Стоит вспомнить, что полноразмерная, «острая как бритва» коса – орудие устрашающее. Изогнутая стальная полоса с тщательно наточенным краем, длиной несколько футов, описывала вокруг косца широкую дугу. Случайно задеть чью-то ногу чревато серьезным ранением. Поэтому важно, чтобы косцы, перемещаясь по лугу, работали синхронно. В такой группе кто-то, делающий все наоборот, то есть левша, – сущее бедствие[350]

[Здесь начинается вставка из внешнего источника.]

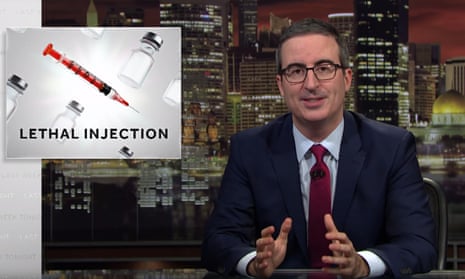 John Oliver: ‘Listing reasons you don’t support the death penalty is can feel like listing reasons why you’re not going to fuck your mom.’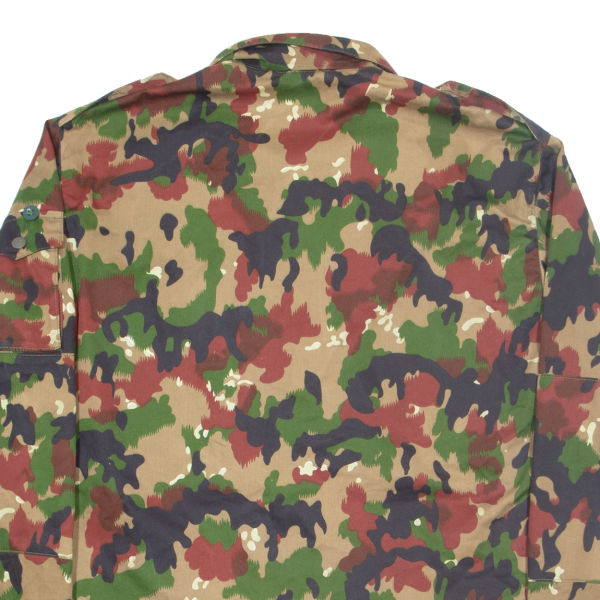 Zip Up Mens Shirt Brown Camouflage Long Sleeve L Online now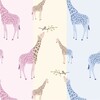 Pink Jolie Giraffe Organic Cotton Magnetic Open Bottom Gown + Hat Set - Nightgowns - 3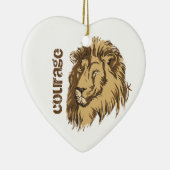 Sonderanfertigung Lion Head Courage Keramik Ornament (Rechts)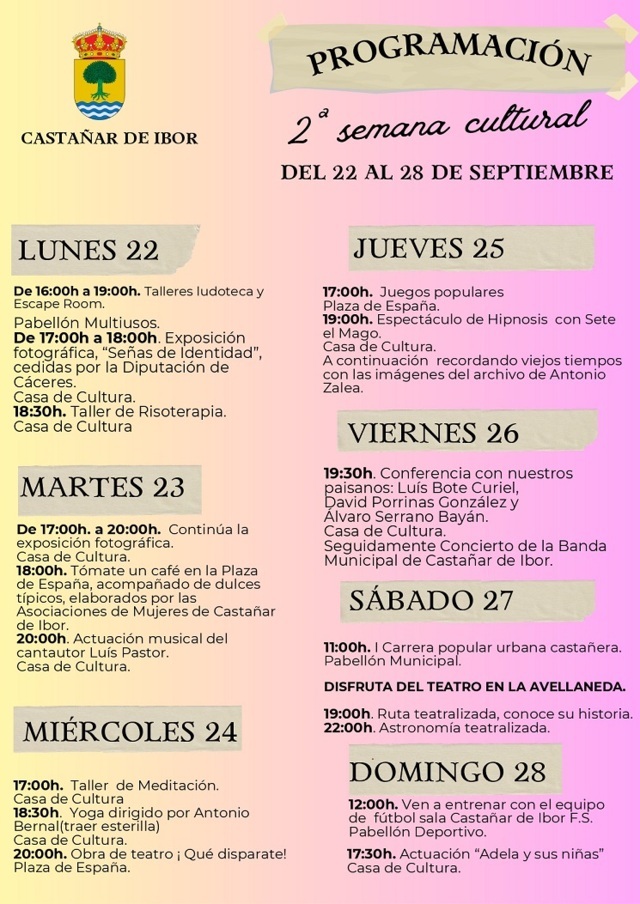 II Semana Cultural - Castañar de Ibor (Cáceres)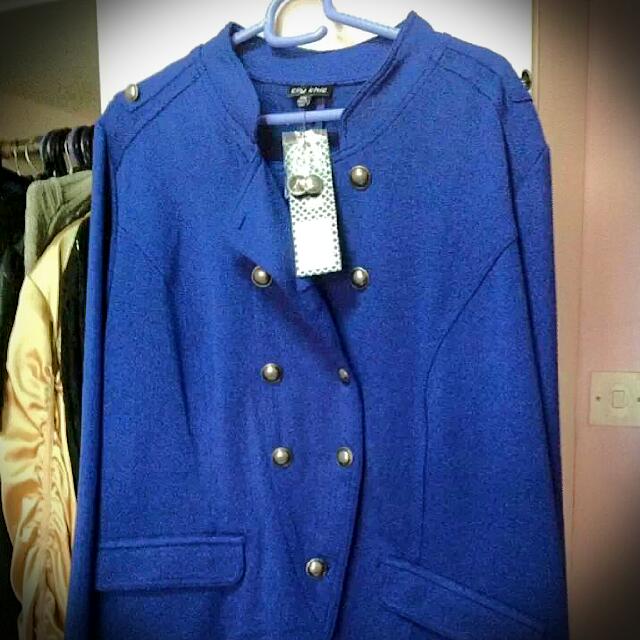 military style jacket womens plus size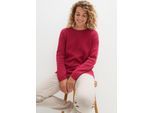 Strickpullover BONPRIX "Milano Rib Pullover mit Rundhals", Damen, Gr. 48/50 (XL), rosa (beerenpink), Rippstrick, Obermaterial: 50% Baumwolle, 50% Polyacryl, unifarben, bequem hüftbedeckend, Rundhals, Strickbündchen, Pullover Strickpullover, aus Milano-Strick mit hohem Baumwollanteil, mit Rundhalsausschnitt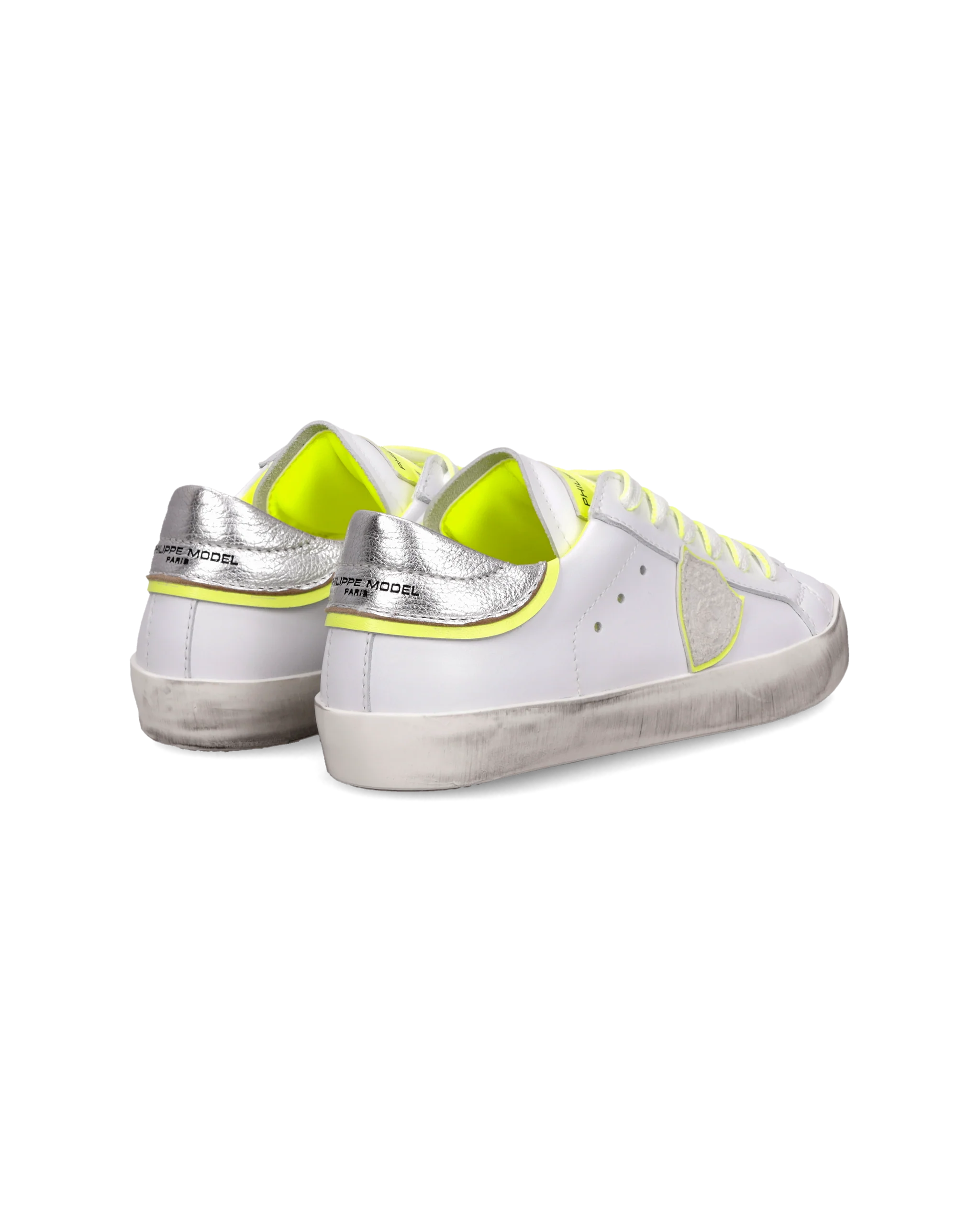 Sneakers Prsx Kids, White Silver - Image 3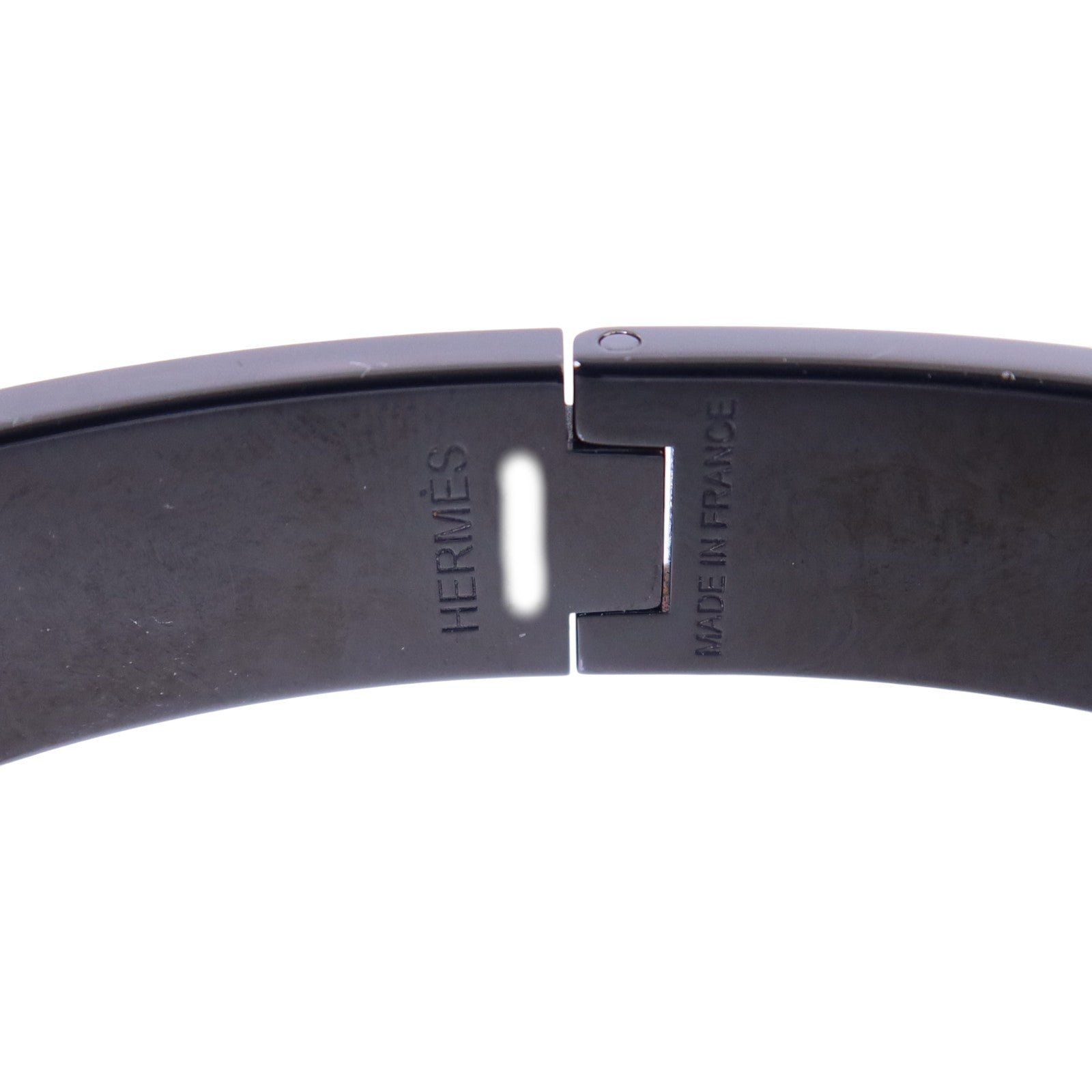 HERMES 金屬/琺瑯Click HH So Black Bracelet手鏈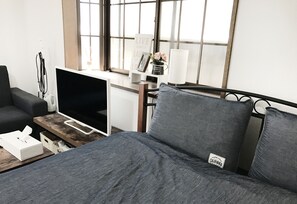 1 habitación, sábanas de algodón egipcio y ropa de cama de alta calidad 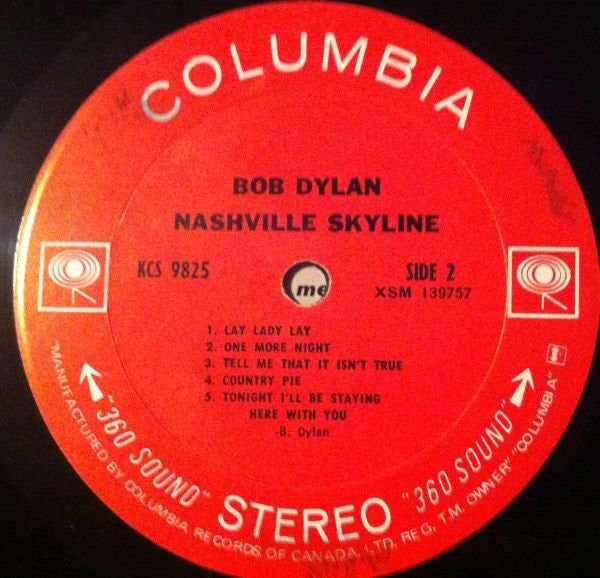 Bob Dylan – Nashville Skyline - 1970 Pressing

.Замечание Карлейля о косцах приводит нас к нескольким вопросам о латеральности в сфере взаимодействий. У единственного косца никаких проблем не возникнет, но если несколько человек работают вместе, сложности неизбежно появятся. Так какими же правилами регулируются социальные взаимодействия и какие проблемы при этом возникают? Конечно же, левши столкнутся с ними уже за обеденным столом. Даже суп есть непросто – потому что левый локоть левши будет натыкаться на правый локоть сидящего слева соседа[351]
.Когда двое берутся за дело, требующее направленных в одну сторону движений (назовем это задачей на латерализацию), образ действий каждого неизбежно влияет на эффективность работы другого. Поэтому обществу приходится вырабатывать правила поведения для таких ситуаций в виде законов, кодов, руководств или форм этикета.
Часто простейшее решение проблемы направленности – простая договоренность, которую все соблюдают. «При встрече пожмите правую руку». Это просто. Это правило работает всегда, везде, при встрече с кем угодно и вряд ли кого-нибудь ущемляет. Точно так же, «накрывая на стол, положите нож справа от тарелки, а вилку слева». И это просто и всем понятно. Левши могут почувствовать себя несколько ущемленными, но неудобство столь мало, что жалуются немногие. Действительно, некоторые узнают о том, что правило вообще существует, только если принятый порядок нарушается, как, например, если при игре в бридж карты начинают сдавать против часовой стрелки, а не по часовой, как обычно принято[352]
.Но как обстоит дело с более сложными совместными действиями, той же косьбой? Как люди пишут – слева направо или наоборот? Есть ли разница между левосторонним и правосторонним движением? Хорошо ли спортсмену быть левшой, а хирургу – правшой? Вот несколько вопросов, которых мы коснемся далее в этой главе.
Письмо
Письменность чрезвычайно асимметрична. Когда вы читаете этот текст, ваш взгляд перемещается по странице слева направо, затем возвращается к началу следующей строки и снова движется слева направо. Со временем этот процесс становится второй натурой настолько, что тем из нас, кто живет в Европе или Америке, он может показаться «естественным» или «правильным». Это, однако, очень западный взгляд на мир. В огромной части мира пишут не слева направо, а справа налево – на арабском, иврите или урду. Почему же на английском, языке, на котором написана эта книга, читают и пишут слева направо?